The Country House Sale

This week’s ‘attic’ sale at Chatsworth naturally enough puts me in mind of the phenomenon of the country house sale. I’ve been lucky enough to attend some fascinating sales over the last 15 years or so, and it might be as much for the opportunity to look within some extraordinary houses as to have the chance to acquire the contents. Prominent among these are Hackwood Park, with its exterior designed by John Vardy and its interior replete with surviving Vardy designed furniture, Adam designed Dumfries House, with its welter of Chippendale furniture, hardly moved since it was installed in the 1750’s, and Easton Neston, the seat of the Lords Hesketh, one of the most exquisite of all late baroque houses.

Dumfries, of course, was one of the most famous sales that never happened, with the Prince of Wales swooping in at the last moment to save both the house and its contents for the nation.  Given my vocation, one might ask what treasures we were able to acquire from any of the other house sales. The short answer is, not a stick. The why of this isn’t too hard to divine, either, as the notion of buying something exquisite from a country house always brings out all of the county set, all with the same objective. Consequently, whatever sells, sells well. Interestingly, the Hackwood Park sale in 1998 was right in the midst of a raging bull market- and, pardon the cliché, at the height of the dot.com boom- and attracted London city types hell bent on making a purchase. Well, that doesn’t include me, who has to make acquisitions at a price that allows me to sell at sufficient profit to allow the occasional purchase of groceries.

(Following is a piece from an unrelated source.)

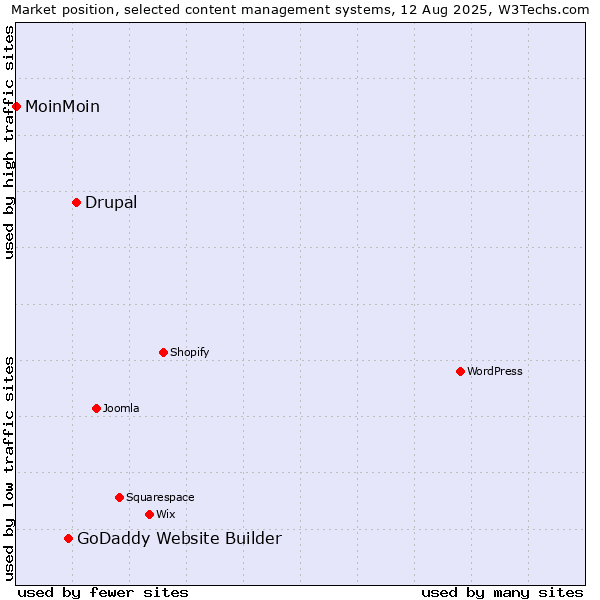Market position of Drupal vs. GoDaddy Website Builder vs. MoinMoin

It was at the Hackwood sale I first noticed, with the bursting of the dot.com bubble, how much of the material purchased that came back on the market, selling at prices significantly below those achieved for the same items at the original auction. Presumably some of the dot.com/City types needed to buy groceries, too. As much as anything, this kind of phenomenon should serve to demonstrate that the more prominent and inviting the sale, the greater the buying frenzy, and consequently, the less likely one is to acquire something at a fair, much less a bargain, price. That is probably understated- for anything of any quality, the buyer will doubtless pay through the nose.